→ What you have to do: Set down a faithful copy of every record below, with no images.

Collected data entries

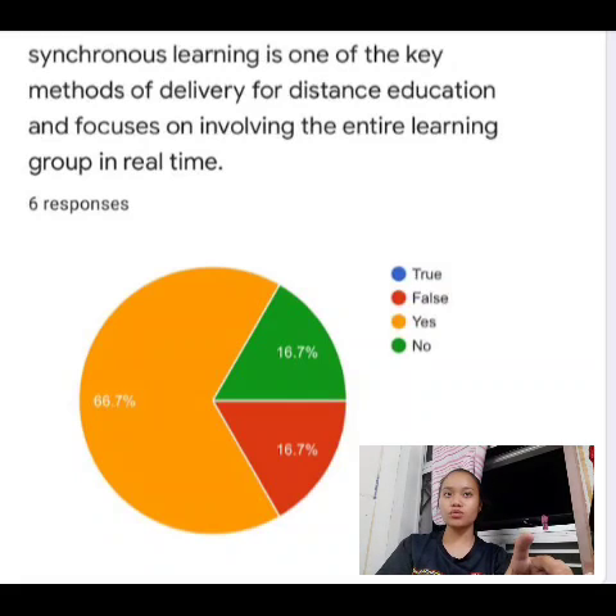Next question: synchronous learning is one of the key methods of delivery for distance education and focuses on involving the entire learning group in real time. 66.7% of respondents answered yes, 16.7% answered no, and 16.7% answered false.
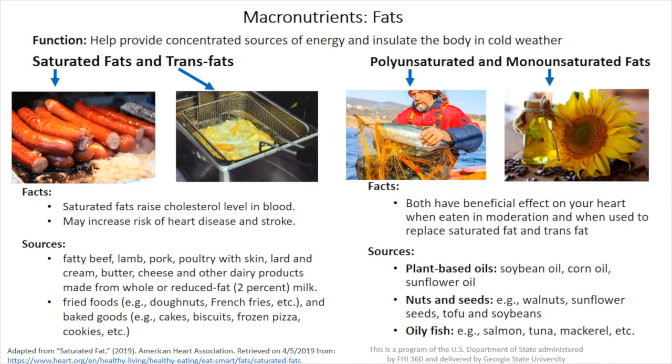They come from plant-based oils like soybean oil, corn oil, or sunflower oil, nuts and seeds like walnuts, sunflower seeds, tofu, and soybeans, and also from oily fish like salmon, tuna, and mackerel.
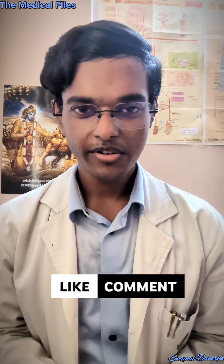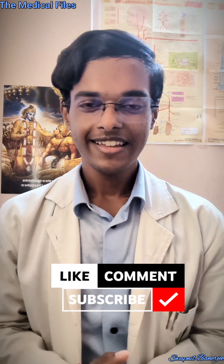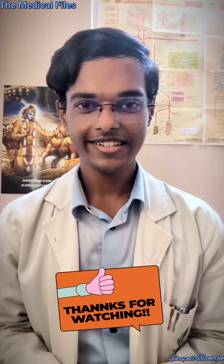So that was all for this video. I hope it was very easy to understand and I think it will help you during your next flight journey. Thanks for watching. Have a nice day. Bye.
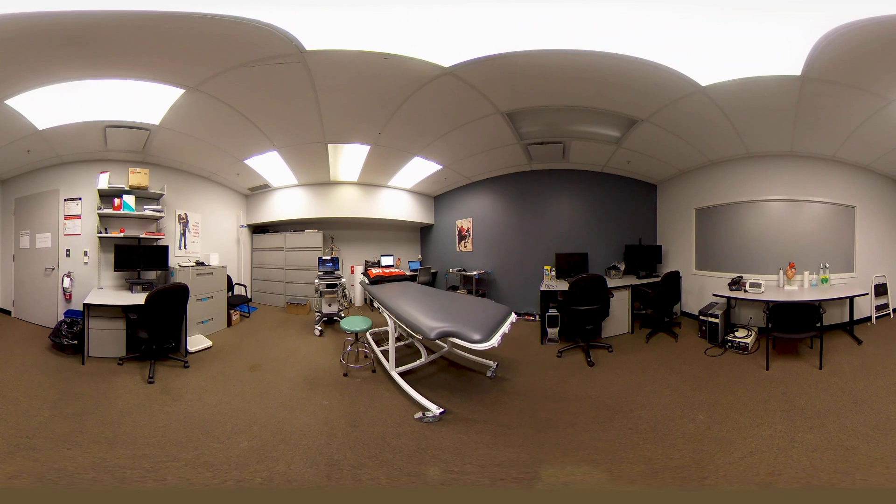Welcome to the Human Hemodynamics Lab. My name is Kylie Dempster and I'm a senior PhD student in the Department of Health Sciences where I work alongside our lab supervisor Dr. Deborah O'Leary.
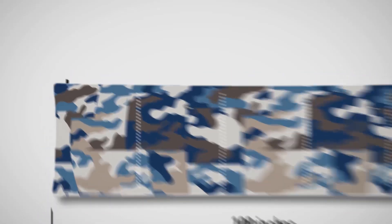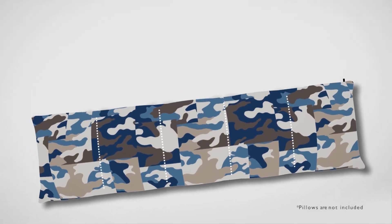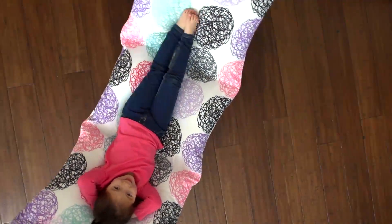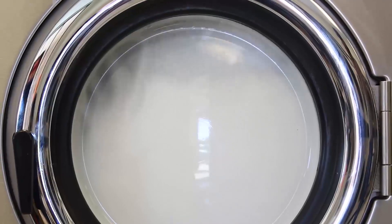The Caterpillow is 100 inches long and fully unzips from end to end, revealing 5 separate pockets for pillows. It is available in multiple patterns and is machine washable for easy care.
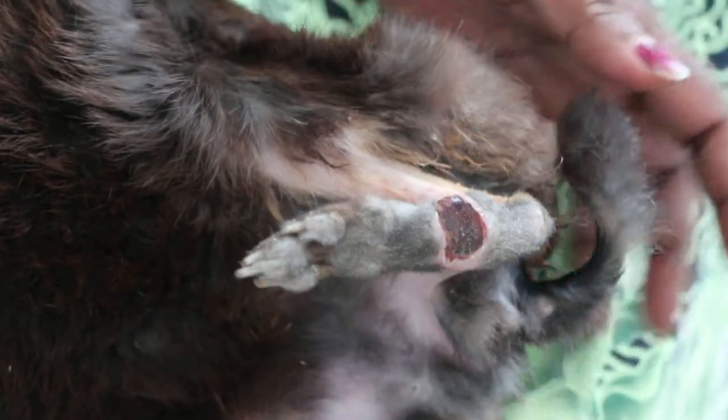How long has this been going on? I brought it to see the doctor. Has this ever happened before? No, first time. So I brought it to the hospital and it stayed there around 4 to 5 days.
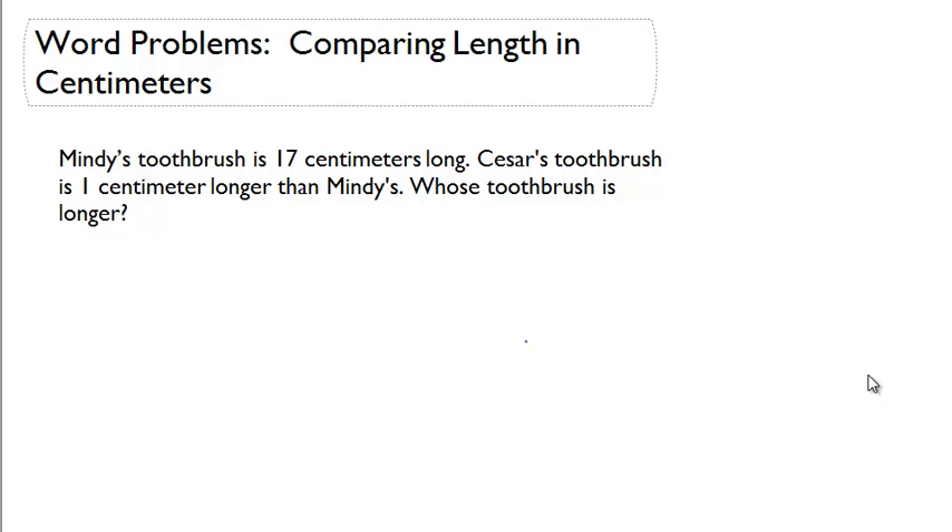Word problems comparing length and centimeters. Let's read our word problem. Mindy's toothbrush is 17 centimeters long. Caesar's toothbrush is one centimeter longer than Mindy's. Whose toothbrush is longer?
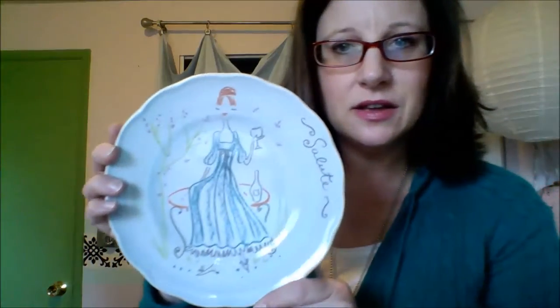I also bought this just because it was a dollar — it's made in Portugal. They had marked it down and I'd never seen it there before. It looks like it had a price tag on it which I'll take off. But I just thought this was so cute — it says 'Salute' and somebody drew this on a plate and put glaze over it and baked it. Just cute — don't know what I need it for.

→ Response to the exercise:
Next question: synchronous learning is one of the key methods of delivery for distance education and focuses on involving the entire learning group in real time. 66.7% of respondents answered yes, 16.7% answered no, and 16.7% answered false.
They come from plant-based oils like soybean oil, corn oil, or sunflower oil, nuts and seeds like walnuts, sunflower seeds, tofu, and soybeans, and also from oily fish like salmon, tuna, and mackerel.
So that was all for this video. I hope it was very easy to understand and I think it will help you during your next flight journey. Thanks for watching. Have a nice day. Bye.
Welcome to the Human Hemodynamics Lab. My name is Kylie Dempster and I'm a senior PhD student in the Department of Health Sciences where I work alongside our lab supervisor Dr. Deborah O'Leary.
The Caterpillow is 100 inches long and fully unzips from end to end, revealing 5 separate pockets for pillows. It is available in multiple patterns and is machine washable for easy care.
How long has this been going on? I brought it to see the doctor. Has this ever happened before? No, first time. So I brought it to the hospital and it stayed there around 4 to 5 days.
Word problems comparing length and centimeters. Let's read our word problem. Mindy's toothbrush is 17 centimeters long. Caesar's toothbrush is one centimeter longer than Mindy's. Whose toothbrush is longer?
I also bought this just because it was a dollar — it's made in Portugal. They had marked it down and I'd never seen it there before. It looks like it had a price tag on it which I'll take off. But I just thought this was so cute — it says 'Salute' and somebody drew this on a plate and put glaze over it and baked it. Just cute — don't know what I need it for.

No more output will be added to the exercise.